In: Economics
Suppose that in a market the current price is P1, a price higher than the equilibrium price, Pe. Is this market in equilibrium or in a disequilibrium state? Please explain by answering the following questions. ( Word answers only )
1. Is Qd=Qs, Qd>Qs or Qd<Qs at P1? Why?
2. Is there any excess (Xss) -- excess demand or excess supply in this market at P1? Why?
3. Will P1 stay the same or will there be a price adjustment? Why?
1)
At the current price of P1, the market is in a disequilibrium state. At a price of P1, Qd < Qs.
Equilibrium price is the price at which quantity demanded by buyers equals quantity supplied by suppliers. According to the law of supply quantity Supplied of a commodity increases as it's price increases and decreases as it's price decreases. According to the law of demand quantity demanded of a commodity increases as it's price falls and decreases as it's price rises. Hence, at a price above than the equilibrium price, quantity supplied by suppliers will increase ( according to the law of supply) and quantity demanded by buyers will decrease ( according to the law of demand). As such, at a price P1 above the Equilibrium price Pe, Quantity Supplied will be more than Quantity demanded. Hence, at a price of P1, Qd < Qs ( Quantity demanded is less than Quantity Supplied).
2)
At a price of P1 , there exists EXCESS SUPPLY.

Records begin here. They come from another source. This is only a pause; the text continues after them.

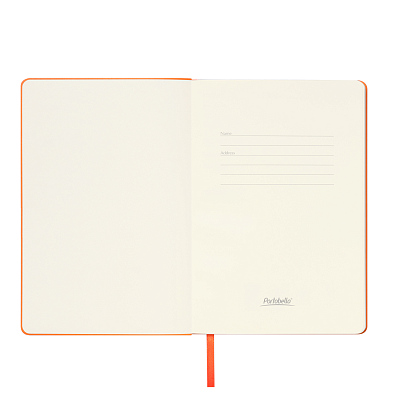 Ежедневник Spark недатированный, оранжевый (с упаковкой, со стикерами)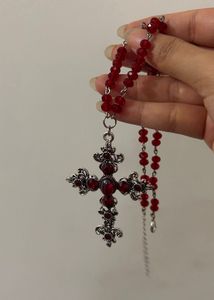 Red Cross Necklace ❤️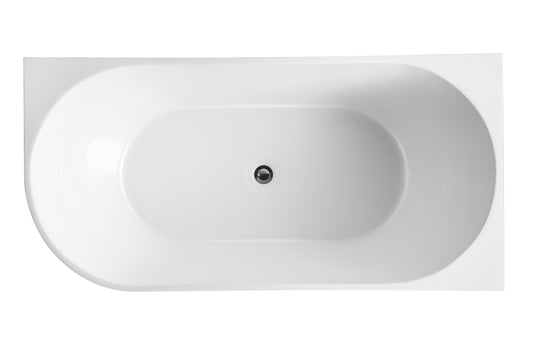 BONDI Square Free Standing Back to Wall Bathtub - Right or Left Hand Side - in 2 Sizes (1485mm,1680mm)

At a price above above than the Equilibrium price, Quantity Supplied by suppliers will increase and Quantity demanded by buyers will decrease. As such, Quantity Supplied will exceed Quantity demanded at a price of P1 and hence an EXCESS SUPPLY will occur at a price of P1.
3)
There will be a price adjustment and price will fall back to Equilibrium price Pe.
At a price of P1, above than the Equilibrium price Pe, excess supply will occur. Excess supply implies that there would be unsold stock of goods at this price. Buyers seeing the unsold stock of goods may begin to ask for lower prices. Suppliers , on the other hand, may offer lower prices in an attempt to sell the unsold stock of goods. In both the cases, a downward pressure is exerted on the price and prices will fall. As price will fall, quantity demanded by buyers will increase and excess supply will start disappearing from the market . The market will again be in Equilibrium where Quantity demanded equals quantity supplied at the Equilibrium price of Pe.